- Born: 18 October 1914 Mackay, Queensland, Australia
- Died: 8 May 1991 (aged 76) Hazelbrook, New South Wales, Australia
- Occupations: Comic book/strip artist, commercial artist, book illustrator,
- Writing career
- Pen name: Kate O'Brien, Kath O'Brien
- Period: 1943–1984

= Kathleen O'Brien =

Australian artist (1914–1991)

Kathleen O'Brien (1914–1991), was an Australian comic book artist, book illustrator and fashion artist. O'Brien is most notable for her 1943 comic strip, Wanda the War Girl, the first Australian comic strip to present an account of life during and after World War II from a female perspective.

== Biography ==
Kathleen Mary O'Brien was born in Mackay, Queensland (in her grandfather's hotel) on 18 October 1914, the daughter of Patrick and Kathleen Mary O'Brien.

As a young girl, she travelled all over Australia with her parents, whilst her father prospected for gold, broke horses and worked in the outback. Her mother's interest in art inspired her to become an artist. O'Brien boarded at a Brisbane convent and studied art at the Brisbane Central Technical College, before moving to Sydney in 1937, where she studied for three years with noted Australian artist J.S. (John Samuel) Watkins (1866–1942).

In 1942, the editor of The Sunday Telegraph, Cyril Pearl, was looking for a new strip to replace Mary and Elizabeth Durack's Nungulla and Jungalla. Journalist, Bob Slessor, suggested to O'Brien that she think about coming up with something. Her idea was a girl in the armed services, Pearl liked the samples and asked her to prepare a strip for the paper.

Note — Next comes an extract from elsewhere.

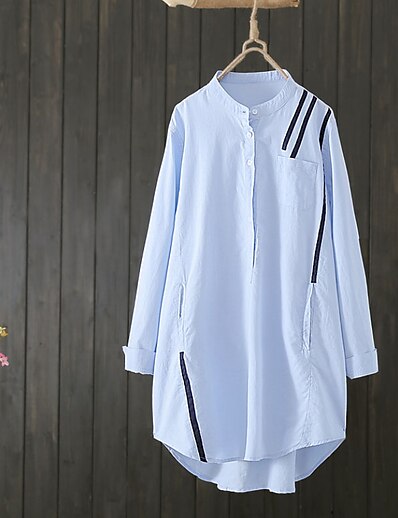 cheap Women&#039;s Tops-Women&#039;s Plus Size Tops Blouse Shirt Striped Long Sleeve Asymmetric Button Streetwear Standing Collar Cotton Daily Weekend Spring Summer White Blue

Wanda is not a portrait of any real person, but she represents the spirit of Australian girls I know, who have done such wonderful work in uniform. I first thought of Wanda when I was watching a march of service girls. I spent days and nights sketching girls before I was satisfied I had found a true type of real Australian girl.
— Kathleen O'Brien (1943)

Wanda was a tough independent young, long-legged curveous redhead, whose series of adventures had her encountering Japanese soldiers and German spies. The early stories were written by journalist, Clifford William Brain, but O'Brien took over the writing of the strip after the war.

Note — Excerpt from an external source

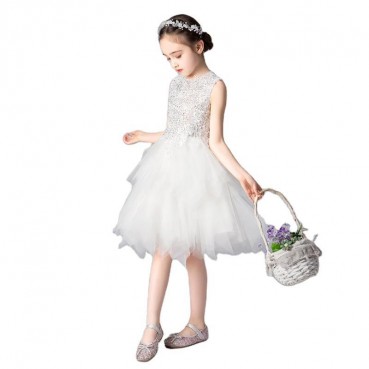 Princess dress girl fluffy yarn flower girl host catwalk wedding dress piano costume birthday party evening dress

Professor Jane Chapman, in her 2011 lecture at Macquarie University, considers that Wanda was inspired by Tarpé Mills' comic strip, Black Fury (a syndicated American strip, which appeared in The Sunday Telegraph) and Jane by Norman Pett (which appeared in the UK Daily Mirror). According to John Ryan in his Australian Comic anthology, Panel by Panel, "O'Brien developed a unique style which resembled some of the work of William Dobell."

Wanda the War Girl first appeared in The Sunday Telegraph on 18 July 1943. Wanda was reputed to be more popular with school children than Superman. Wanda also had a similar appeal with servicemen, with her image often painted on the sides of tanks and planes.

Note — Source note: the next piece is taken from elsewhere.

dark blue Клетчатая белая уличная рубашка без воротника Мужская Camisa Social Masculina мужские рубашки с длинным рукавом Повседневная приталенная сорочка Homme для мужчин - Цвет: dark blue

After the end of World War II the strip was renamed Wanda and took on the mantle of an adventure/detective strip before it was abruptly terminated mid-story on 25 November 1991. O'Brien basing her storylines on books by Ashton Wolfe, the head of the French Sûreté, combining methods he detailed with current newspaper stories, thus Wanda was involved in struggles with black-marketeers, foreign spies and smugglers.

The strip was subsequently collected into several comic books. Wanda the War Girl was published as a one-shot by Consolidated Press, whilst The Wanda Comic was the first and the fifth in Consolidated Press' Supercomic Series.

At the same time, O'Brien worked as a commercial artist and book illustrator, illustrating twelve books, including Hans Christian Andersen's The Little Mermaid (1943), Australia's first unabridged version of Lewis Carroll's Alice's Adventures in Wonderland and Through the Looking Glass (1943), Ella Greenway's Peter Cat (1950) and Nourma Handford's Carloola Backstage: A Career Novel for Girls' (1956).

In 1947, she married Robert Blanche. O'Brien briefly taught art at Springwood Ladies College and had a notable career as a fashion artist. O'Brien's illustrations appearing in advertisements for Myer, David Jones, Georges and Farmers department stores.

Kathleen O'Brien (Blanche) died in her Hazelbrook home on 8 May 1991.